As you move your soldiers from place to place you watch as they inch across beautiful, hand drawn landscapes. The view is interrupted every few seconds with a narrative interlude, some problem or other than must be attended. One of your men may drink too much mead and brawl. You must intervene, choosing whether to force an apology from the aggressor or laugh off the scuffle. Or you might come across a ragtag band of men, seemingly lost in the woods. Do you allow them to join your ranks and gain a potential valuable asset, or turn them away?

You accept food from a benign merchant, but what if it turns out to be spoiled or, worse still, poisoned? Some video games dole out a handful of these multiple choice decisions per chapter. The Banner Saga is an endless flow of questions demanding immediate answers. The consequences must not only be lived with, but also open up further avenues of choice. Your men may fall. Do you discard the supplies or wait to see if something else is causing the sickness? Do you force the men to fight in the next battle, weakened by stomach cramps, or send them back home? Journey is story. Never has this been made clearer than in The Banner Saga.

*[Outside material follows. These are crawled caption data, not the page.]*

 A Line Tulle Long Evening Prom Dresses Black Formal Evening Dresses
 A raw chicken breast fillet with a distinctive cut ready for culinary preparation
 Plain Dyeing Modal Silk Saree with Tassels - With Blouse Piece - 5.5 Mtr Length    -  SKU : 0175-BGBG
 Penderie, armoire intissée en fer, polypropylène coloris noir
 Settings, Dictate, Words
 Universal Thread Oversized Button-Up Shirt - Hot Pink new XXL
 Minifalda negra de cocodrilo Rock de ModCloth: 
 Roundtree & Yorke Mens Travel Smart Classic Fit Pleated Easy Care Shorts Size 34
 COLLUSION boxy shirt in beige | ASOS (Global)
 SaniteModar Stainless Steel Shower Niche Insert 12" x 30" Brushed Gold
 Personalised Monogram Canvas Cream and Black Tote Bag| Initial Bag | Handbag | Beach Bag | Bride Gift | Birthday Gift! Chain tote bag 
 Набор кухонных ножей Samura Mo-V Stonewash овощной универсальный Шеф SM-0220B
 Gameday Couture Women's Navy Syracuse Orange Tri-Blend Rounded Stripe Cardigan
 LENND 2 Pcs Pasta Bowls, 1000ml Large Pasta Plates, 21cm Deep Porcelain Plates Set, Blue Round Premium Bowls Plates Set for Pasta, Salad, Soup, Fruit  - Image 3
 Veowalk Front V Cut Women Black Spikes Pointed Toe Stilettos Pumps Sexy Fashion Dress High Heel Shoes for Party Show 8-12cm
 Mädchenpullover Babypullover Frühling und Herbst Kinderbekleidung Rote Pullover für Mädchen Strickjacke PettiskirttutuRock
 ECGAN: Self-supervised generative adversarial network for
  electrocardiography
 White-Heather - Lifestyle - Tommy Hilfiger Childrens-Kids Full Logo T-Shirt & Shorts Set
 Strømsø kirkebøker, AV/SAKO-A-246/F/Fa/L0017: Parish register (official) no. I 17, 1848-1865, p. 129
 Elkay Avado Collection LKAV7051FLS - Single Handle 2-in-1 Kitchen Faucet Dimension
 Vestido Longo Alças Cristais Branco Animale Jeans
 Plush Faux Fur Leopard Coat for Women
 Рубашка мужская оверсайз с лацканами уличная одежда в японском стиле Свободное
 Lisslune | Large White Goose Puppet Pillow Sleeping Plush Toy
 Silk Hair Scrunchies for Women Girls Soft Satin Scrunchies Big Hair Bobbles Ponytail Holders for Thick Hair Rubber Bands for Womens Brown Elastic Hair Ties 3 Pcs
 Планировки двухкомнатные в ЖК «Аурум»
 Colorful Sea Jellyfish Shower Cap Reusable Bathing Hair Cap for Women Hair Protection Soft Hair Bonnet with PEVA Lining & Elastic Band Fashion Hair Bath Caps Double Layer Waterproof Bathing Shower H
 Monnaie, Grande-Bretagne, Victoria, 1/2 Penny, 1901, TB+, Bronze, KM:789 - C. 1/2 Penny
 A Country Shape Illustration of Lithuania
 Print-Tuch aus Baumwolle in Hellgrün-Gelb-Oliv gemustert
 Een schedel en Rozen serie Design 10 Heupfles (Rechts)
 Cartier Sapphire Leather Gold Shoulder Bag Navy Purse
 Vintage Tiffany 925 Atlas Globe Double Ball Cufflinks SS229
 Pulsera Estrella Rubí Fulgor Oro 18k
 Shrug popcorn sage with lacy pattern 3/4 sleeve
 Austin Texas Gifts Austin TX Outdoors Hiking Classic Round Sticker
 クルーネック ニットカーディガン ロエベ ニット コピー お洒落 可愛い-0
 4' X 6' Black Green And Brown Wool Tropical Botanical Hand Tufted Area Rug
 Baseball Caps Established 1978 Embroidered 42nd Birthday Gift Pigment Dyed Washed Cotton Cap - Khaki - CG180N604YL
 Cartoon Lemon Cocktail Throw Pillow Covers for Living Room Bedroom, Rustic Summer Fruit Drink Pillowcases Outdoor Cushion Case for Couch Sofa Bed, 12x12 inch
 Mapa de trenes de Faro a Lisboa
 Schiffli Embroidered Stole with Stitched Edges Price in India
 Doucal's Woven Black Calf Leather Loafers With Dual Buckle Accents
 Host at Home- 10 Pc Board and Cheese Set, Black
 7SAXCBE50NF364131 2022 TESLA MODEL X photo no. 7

The burden of leadership is made keener by the fact that you are free to make poor choices: enter a battle in which you are vastly outnumbered and your troops will fall. Rather than being booted to the melancholy purgatory of a Game Over screen, the story adapts to your failure, which the narrative then bears like a scar, forever altering its trajectory. It takes a little getting used to. But rather than reaching for the ‘load’ button to undo your mistakes, there is benefit to living with them. In time the story feels fully your own. You are no longer a video game player, pretending to be an active participant in a pre-set narrative. Instead you are a complicit protagonist, and the game bends to your will – good or ill.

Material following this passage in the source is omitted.